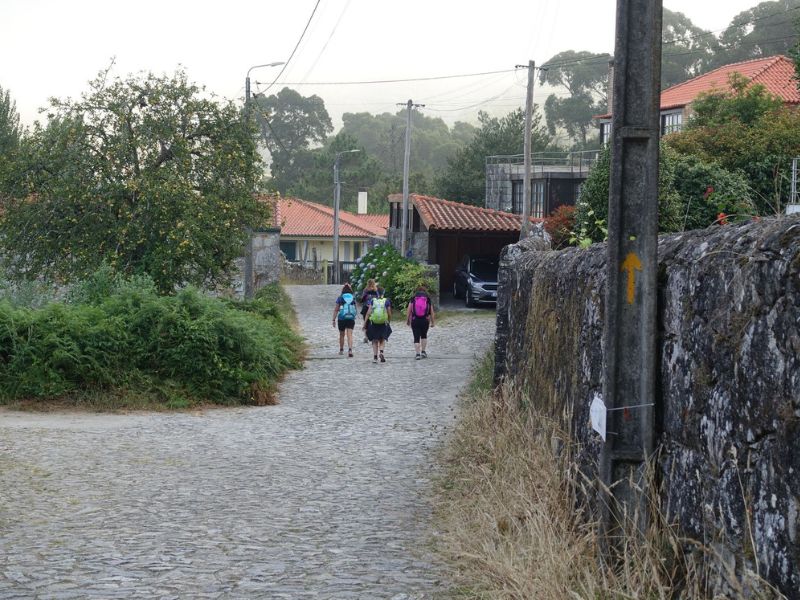 Pilger wandern über Kopfsteinpflaster 4
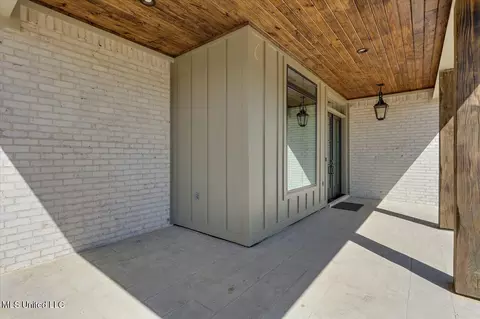 Exterior - 227 Disciple Dr, Brandon, MS 39047 photo 4 of 11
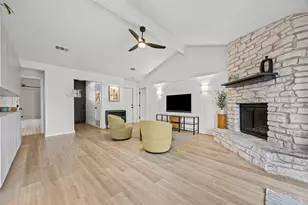 4703 Candletree Ln, Austin, TX 78744 - Photo 18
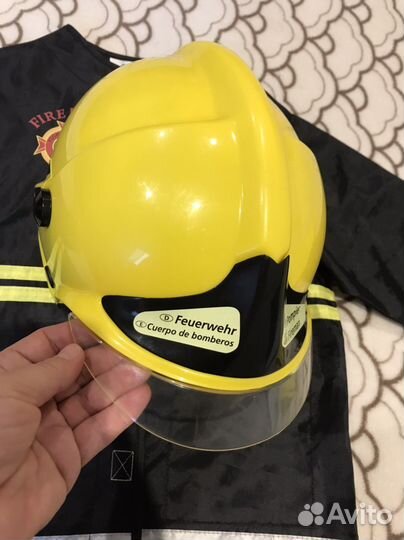 Костюм пожарного с шлемом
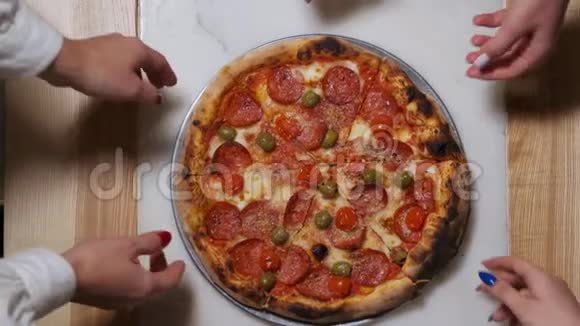 手拿着所有的披萨意大利香肠丢了披萨在餐馆里吃番茄意大利香肠披萨的人视频的预览图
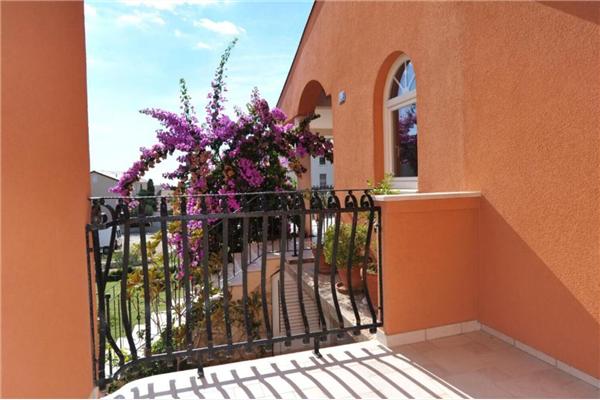 Apartment A1, for 6 persons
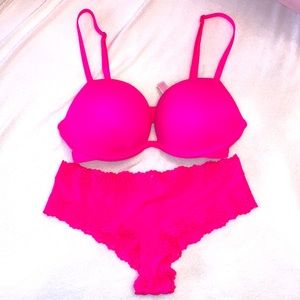 Victoria’s Secret PINK Super Push Up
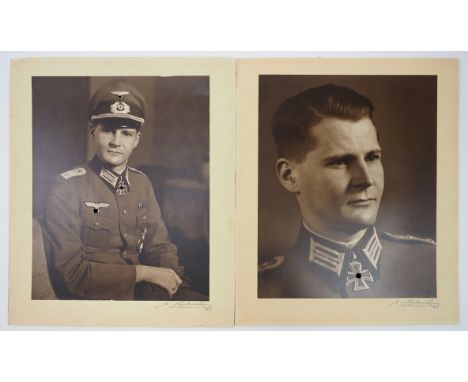 Wehrmacht: Portait-Foto Ritterkreuzträger Heinz-Jürgen Ißbrücker - 2 Exemplare.Studio-Portrait, mit Ritterkreuz des Eisernen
----
-- TO DO --
Locate the line containing "Victoria’s Secret PINK Super Push Up" in the material above, then repeat it and every later line exactly, with no pictures.

-- SOLUTION FOR THIS PROBLEM --
 Victoria’s Secret PINK Super Push Up
 Wehrmacht: Portait-Foto Ritterkreuzträger Heinz-Jürgen Ißbrücker - 2 Exemplare.Studio-Portrait, mit Ritterkreuz des Eisernen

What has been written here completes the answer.